Brown v. Board of Education Historic Site
The U.S. Supreme Court decision of May 17 1954, Oliver Brown et al v. The Board of Education of Topeka, (Kansas), is thought to be one of the most significant events in the history of this country, yet it remains largely misunderstood. Prior to 1990 few attempts had been made to commemorate and interpret this history through properties associated with legal or personal aspects of the case.
The first effort to identify sites that contributed to Brown began in 1985 when Justice Warren Burger, former Chief Justice of the United States Supreme Court, called upon the National Park Service (NPS) to conduct a survey of properties associated with the U.S. Constitution. The resulting document entitled a Constitutional Theme Study was published by the National Park Service in 1987 to coincide with the anniversary of the Constitution. To prepare this study, the author Dr. Harry Butowsky, historian with the National Park Service, convened a panel of constitutional scholars and canvassed federal judges to develop a list of constitutional milestones.

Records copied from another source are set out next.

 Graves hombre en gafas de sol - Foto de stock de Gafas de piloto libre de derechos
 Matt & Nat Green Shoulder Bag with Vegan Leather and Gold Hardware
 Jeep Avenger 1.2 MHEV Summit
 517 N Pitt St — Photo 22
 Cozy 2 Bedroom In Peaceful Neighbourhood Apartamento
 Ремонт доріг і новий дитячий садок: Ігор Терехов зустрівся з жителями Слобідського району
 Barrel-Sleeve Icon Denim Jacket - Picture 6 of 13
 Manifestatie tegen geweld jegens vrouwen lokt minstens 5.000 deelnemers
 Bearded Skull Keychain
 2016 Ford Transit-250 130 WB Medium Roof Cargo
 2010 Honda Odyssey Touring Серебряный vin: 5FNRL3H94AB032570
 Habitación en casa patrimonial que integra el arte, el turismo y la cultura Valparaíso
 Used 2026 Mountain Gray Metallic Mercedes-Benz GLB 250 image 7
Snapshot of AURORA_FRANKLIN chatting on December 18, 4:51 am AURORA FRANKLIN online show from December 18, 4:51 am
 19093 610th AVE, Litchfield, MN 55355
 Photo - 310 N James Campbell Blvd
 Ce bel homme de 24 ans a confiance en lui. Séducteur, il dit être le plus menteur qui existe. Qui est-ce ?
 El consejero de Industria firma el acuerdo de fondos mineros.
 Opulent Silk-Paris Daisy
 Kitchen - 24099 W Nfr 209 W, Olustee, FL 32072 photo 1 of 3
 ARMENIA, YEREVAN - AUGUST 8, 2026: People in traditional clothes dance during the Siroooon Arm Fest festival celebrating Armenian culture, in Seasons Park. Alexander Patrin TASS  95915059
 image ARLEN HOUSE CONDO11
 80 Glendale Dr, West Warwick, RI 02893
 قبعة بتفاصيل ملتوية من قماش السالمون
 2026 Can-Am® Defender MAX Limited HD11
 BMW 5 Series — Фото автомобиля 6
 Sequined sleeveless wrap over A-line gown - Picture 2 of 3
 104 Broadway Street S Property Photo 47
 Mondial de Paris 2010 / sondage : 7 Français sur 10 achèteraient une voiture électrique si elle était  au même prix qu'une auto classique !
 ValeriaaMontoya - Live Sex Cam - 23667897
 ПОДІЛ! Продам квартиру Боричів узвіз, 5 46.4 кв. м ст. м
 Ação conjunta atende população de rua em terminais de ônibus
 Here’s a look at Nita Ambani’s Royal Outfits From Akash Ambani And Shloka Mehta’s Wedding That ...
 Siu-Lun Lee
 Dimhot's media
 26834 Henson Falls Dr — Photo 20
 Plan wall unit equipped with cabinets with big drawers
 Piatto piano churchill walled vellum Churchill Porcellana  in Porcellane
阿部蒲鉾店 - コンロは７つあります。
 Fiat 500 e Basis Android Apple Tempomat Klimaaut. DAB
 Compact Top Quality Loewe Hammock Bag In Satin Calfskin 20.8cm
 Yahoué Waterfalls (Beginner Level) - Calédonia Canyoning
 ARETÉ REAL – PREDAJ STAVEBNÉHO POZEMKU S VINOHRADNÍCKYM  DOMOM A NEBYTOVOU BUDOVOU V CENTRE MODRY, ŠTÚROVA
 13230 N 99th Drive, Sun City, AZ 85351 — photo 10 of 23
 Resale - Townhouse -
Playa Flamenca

Brown v. Board of Education consistently appeared among their top three choices. His research entailed identifying properties associated with these milestones. For his selection of sites in Brown, he focused on the residence of Oliver Brown (no longer standing) and Sumner Elementary, the school that had denied Mr. Brown the right to enroll his daughter solely on the basis of their race.
At that point Dr. Butowsky was unaware of the social history behind the legal history of the Brown case. Examinations of this case seldom deal with the complex constitutional issues or the history that underscores the sacrifice and self-determination present in the African American community. Even fewer accounts of the Brown decision provide information about the specifics of the Topeka case, the local leadership of the National Association for the Advancement of Colored People (NAACP), the attorneys, the 13 plaintiffs representing their 20 children, and unknown individuals whose lives were changed by these events.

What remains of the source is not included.